Dataset items:
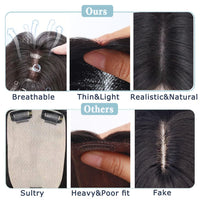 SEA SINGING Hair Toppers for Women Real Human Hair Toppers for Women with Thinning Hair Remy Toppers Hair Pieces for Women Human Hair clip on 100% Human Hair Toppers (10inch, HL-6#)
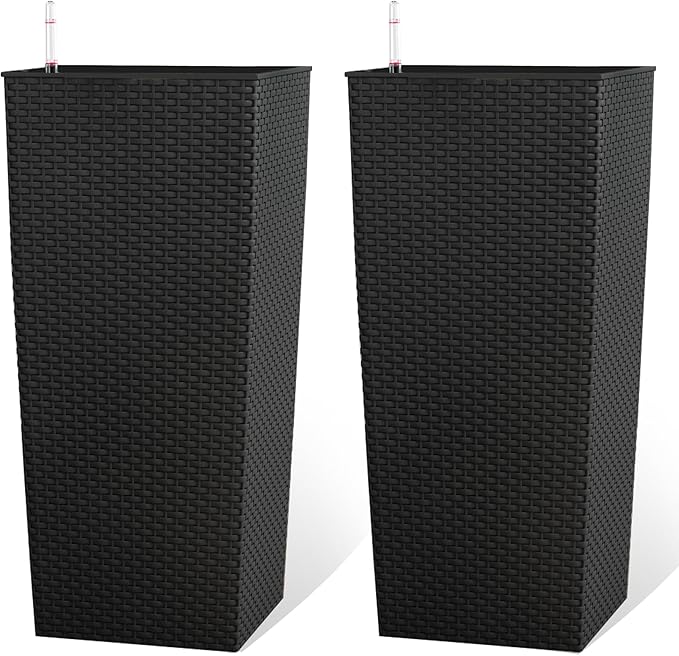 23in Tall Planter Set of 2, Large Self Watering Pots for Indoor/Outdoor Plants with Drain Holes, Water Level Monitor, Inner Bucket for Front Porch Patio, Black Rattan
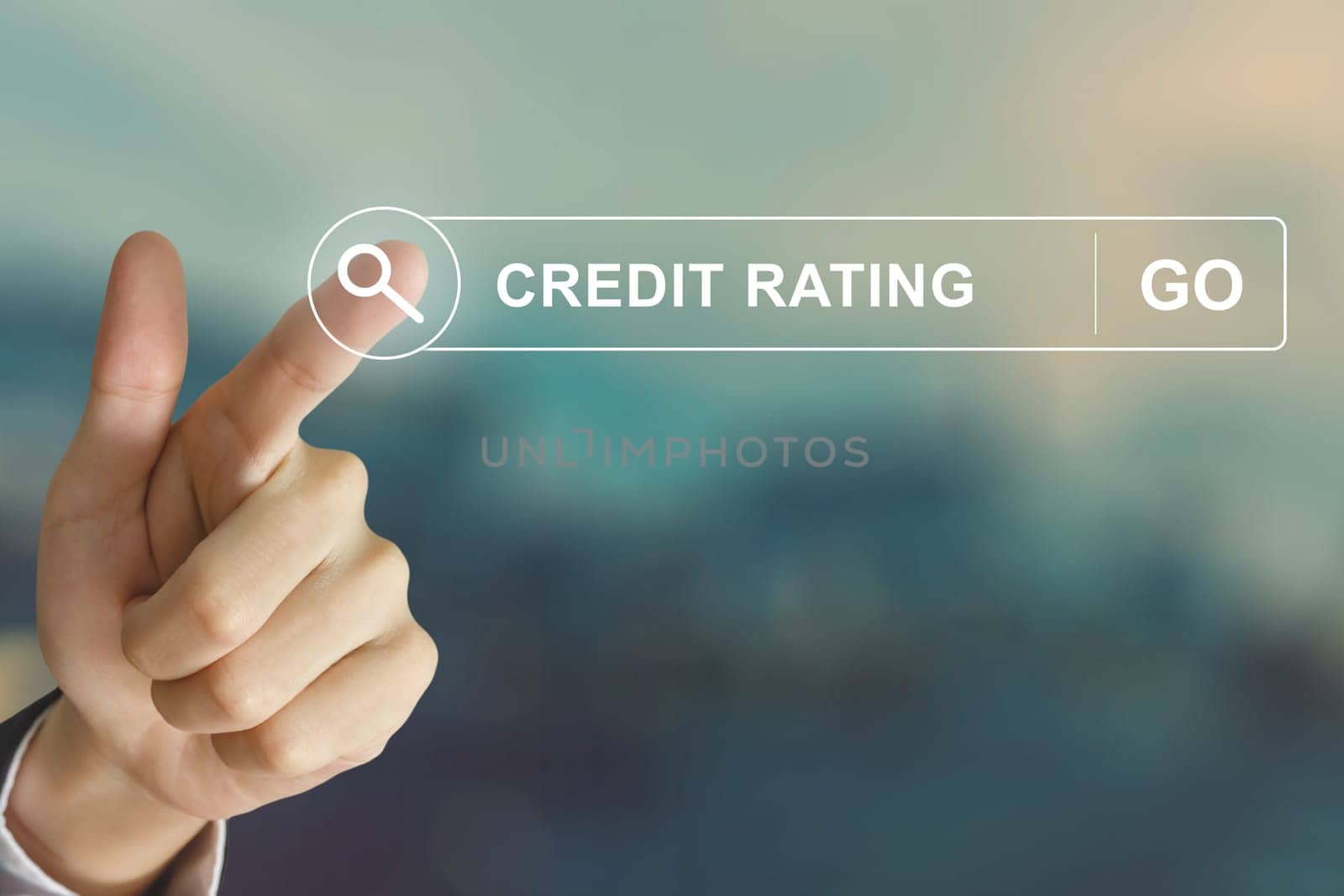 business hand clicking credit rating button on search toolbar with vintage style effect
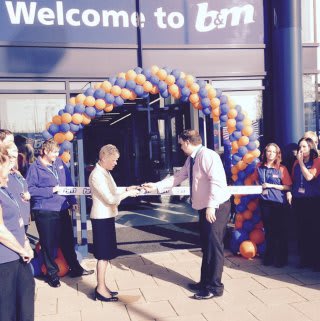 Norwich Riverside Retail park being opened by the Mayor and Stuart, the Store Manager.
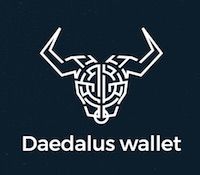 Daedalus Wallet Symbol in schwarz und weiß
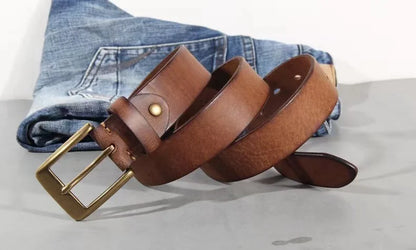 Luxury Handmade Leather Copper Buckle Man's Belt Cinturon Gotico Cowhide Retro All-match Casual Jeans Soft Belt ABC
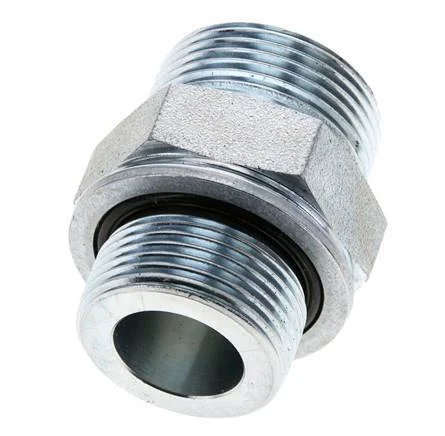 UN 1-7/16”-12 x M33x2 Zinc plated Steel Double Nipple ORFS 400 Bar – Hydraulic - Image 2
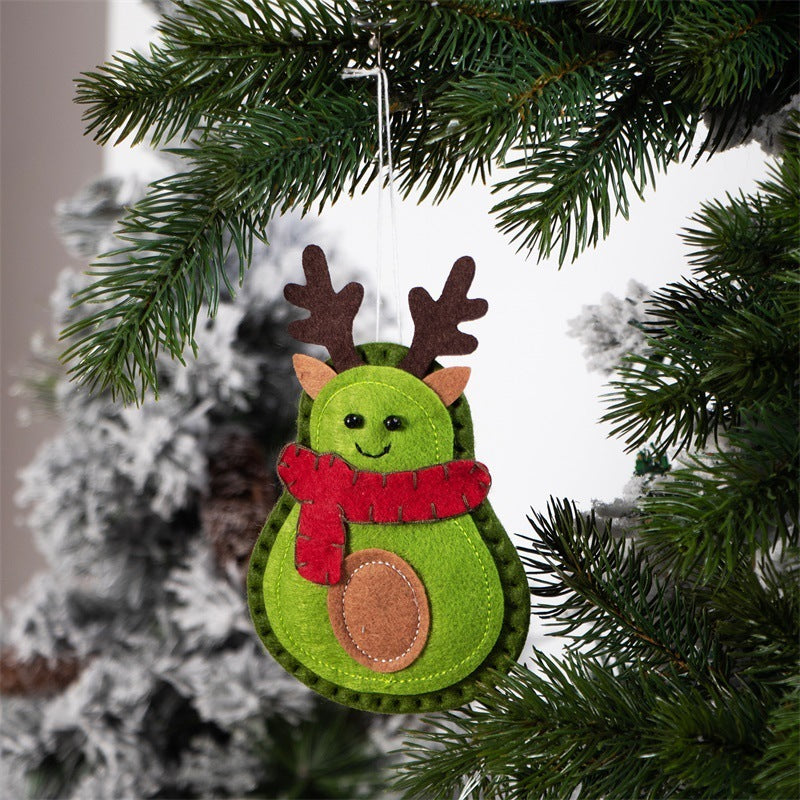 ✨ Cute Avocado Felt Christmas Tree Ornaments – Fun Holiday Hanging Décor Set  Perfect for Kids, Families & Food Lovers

**Description of the task**. Repeat each entry exactly as given; no pictures belong in the copy.

**Response to the task**.
 SEA SINGING Hair Toppers for Women Real Human Hair Toppers for Women with Thinning Hair Remy Toppers Hair Pieces for Women Human Hair clip on 100% Human Hair Toppers (10inch, HL-6#)
 23in Tall Planter Set of 2, Large Self Watering Pots for Indoor/Outdoor Plants with Drain Holes, Water Level Monitor, Inner Bucket for Front Porch Patio, Black Rattan
 business hand clicking credit rating button on search toolbar with vintage style effect
 Norwich Riverside Retail park being opened by the Mayor and Stuart, the Store Manager.
 Daedalus Wallet Symbol in schwarz und weiß
 Luxury Handmade Leather Copper Buckle Man's Belt Cinturon Gotico Cowhide Retro All-match Casual Jeans Soft Belt ABC
 UN 1-7/16”-12 x M33x2 Zinc plated Steel Double Nipple ORFS 400 Bar – Hydraulic - Image 2
 ✨ Cute Avocado Felt Christmas Tree Ornaments – Fun Holiday Hanging Décor Set  Perfect for Kids, Families & Food Lovers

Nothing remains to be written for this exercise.